Had a tractor I was working on Sunday that had a carb full of gas but with the drain plug out of the carb the gas was not flowing and found the gas tank to be clogged up.
 
Ok, compression was about 105-110 across all cyl, getting 1/4" of spark, and great fuel flow out of bottom of carb. Removed carb again and every jet and passage is clean. I did figure out if I totally close all the air to the carb off with my hand it will start but dies as soon as I remove my hand. This leads me to think it's sucking air and not getting enough vacuum to pull the fuel up. Removed intake gasket was brittle but saw no signs of leaks. Intake checked good for cracks. Intake Gasket Possible Bad?
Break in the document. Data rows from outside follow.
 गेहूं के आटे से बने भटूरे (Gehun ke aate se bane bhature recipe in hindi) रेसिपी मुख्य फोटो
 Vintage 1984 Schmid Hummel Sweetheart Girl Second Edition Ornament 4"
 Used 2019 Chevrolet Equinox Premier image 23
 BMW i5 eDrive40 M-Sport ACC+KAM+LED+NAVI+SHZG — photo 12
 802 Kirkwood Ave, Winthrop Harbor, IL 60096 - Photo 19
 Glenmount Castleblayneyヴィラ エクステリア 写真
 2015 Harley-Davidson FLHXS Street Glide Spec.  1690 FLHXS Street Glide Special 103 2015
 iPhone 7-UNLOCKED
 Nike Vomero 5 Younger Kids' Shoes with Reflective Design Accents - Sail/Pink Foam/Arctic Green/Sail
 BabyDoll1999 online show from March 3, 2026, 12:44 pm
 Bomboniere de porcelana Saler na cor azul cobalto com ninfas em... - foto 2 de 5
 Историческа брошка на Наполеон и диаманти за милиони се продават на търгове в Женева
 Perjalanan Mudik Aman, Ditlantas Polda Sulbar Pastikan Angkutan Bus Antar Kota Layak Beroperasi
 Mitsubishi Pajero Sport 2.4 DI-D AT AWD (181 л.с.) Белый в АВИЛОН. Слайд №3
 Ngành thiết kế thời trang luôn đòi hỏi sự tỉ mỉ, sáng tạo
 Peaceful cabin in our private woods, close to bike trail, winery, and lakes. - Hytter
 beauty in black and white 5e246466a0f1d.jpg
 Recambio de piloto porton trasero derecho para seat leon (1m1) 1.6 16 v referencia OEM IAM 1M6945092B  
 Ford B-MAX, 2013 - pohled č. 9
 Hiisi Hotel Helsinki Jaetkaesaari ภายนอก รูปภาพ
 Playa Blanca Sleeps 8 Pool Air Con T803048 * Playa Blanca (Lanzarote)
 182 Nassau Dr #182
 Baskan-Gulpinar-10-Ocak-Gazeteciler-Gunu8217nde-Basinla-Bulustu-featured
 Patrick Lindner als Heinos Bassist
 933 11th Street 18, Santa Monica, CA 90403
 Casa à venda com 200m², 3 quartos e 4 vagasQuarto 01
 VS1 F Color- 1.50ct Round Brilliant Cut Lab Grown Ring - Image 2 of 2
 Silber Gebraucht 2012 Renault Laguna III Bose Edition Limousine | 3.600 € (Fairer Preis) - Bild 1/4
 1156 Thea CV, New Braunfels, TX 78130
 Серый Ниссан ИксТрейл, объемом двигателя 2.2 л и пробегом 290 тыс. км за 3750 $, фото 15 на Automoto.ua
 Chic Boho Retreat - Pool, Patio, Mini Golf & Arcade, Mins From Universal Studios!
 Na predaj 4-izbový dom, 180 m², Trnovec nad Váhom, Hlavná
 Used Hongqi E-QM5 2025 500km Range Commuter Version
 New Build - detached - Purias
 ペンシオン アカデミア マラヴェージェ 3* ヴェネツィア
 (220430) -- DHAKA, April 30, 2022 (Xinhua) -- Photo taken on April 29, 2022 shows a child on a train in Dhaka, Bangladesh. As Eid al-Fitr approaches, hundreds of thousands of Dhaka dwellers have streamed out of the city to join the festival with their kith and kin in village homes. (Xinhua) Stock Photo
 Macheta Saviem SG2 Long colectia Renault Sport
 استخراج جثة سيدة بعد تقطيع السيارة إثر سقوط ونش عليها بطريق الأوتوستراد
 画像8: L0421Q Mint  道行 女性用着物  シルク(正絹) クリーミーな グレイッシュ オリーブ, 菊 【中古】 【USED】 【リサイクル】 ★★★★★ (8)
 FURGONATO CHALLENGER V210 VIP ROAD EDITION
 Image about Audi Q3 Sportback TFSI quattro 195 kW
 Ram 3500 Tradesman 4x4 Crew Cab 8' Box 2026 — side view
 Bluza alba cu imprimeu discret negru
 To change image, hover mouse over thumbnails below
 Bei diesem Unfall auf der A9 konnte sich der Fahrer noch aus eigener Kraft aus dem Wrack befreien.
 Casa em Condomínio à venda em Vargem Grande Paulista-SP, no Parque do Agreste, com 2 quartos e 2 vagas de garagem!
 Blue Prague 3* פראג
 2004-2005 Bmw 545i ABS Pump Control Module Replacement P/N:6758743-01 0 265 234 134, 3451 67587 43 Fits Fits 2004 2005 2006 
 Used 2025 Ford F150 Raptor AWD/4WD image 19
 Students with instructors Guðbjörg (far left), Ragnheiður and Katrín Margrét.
Thanks for the help
 
" Removed intake gasket was brittle but saw no signs of leaks. Intake checked good for cracks."

That's not the usual way to check for a vacuum leak.

Get a hand propane torch and carefully spray it (unlit of course) around the intake manifold at the carb to manifold interface & the manifold to block gasket of the tractor while it is running. Or, you can use carb cleaner or WD40. If it speeds up, you found the leak. Sometimes (rarely) manifolds crack or get rust holes.

Lastly, when all else fails, you could have an air leak around the carb metering section. The likely suspects are leaky throttle shaft seals and/or a worn throttle shaft.

So, put it back together w/ a new gasket & plenty of copper coat & see what happens.
75 Tips
 
I couldn't do the tricks to check while running because it would only run with my hand over the carburetor. I will try the new gaskets and hope that was it. Any way to see if the carb is sucking air somewhere internally? Thanks
 
Not sure I agree with some of you. If you try to start a tractor and turn it over several times and it does not fire then why don't you have fuel on your plugs as the vacuum created with the motor turning over should pull the fuel into the chambers. Possible valve but unlikely all of them. If you have fuel then its probably an ignition problem. If you have no fuel on the plugs then I would day your not getting any. When it sets then some fuel is leaking into the carb therefore it starts and runs till bowl is dry. What I would do is hold your hand over the intake at the bowl and try to start it. That will tell you real quick if you getting gas. Doesn't take much to stop the flow of gas. If that's the problem it might actually solve your problem as it puts a lot more direct vacuum on your fuel system and may dislodge foreign material. Inline fuel filter just before the carb is a good thing to have as sediment bowls are okay but the filture will do a better job. Just my 3 cents worth. Norm
 
Got it figured out. Didn't realize the t screw on the bottom of the carb was actually an adjustment. Thought it was a drain. Once I realized this I couldn't believe I had did that. Anyways, runs like a top now. Thanks for the advice.
 
(quoted from post at 18:05:58 11/07/15) Got it figured out. Didn't realize the t screw on the bottom of the carb was actually an adjustment. Thought it was a drain. Once I realized this I couldn't believe I had did that. Anyways, runs like a top now. Thanks for the advice.

Glad to hear you got it running!
Have you figured out what carb it is?
It would be good to note that somewhere as the stock 8N M/S
carb didn't have a T screw on the bottom.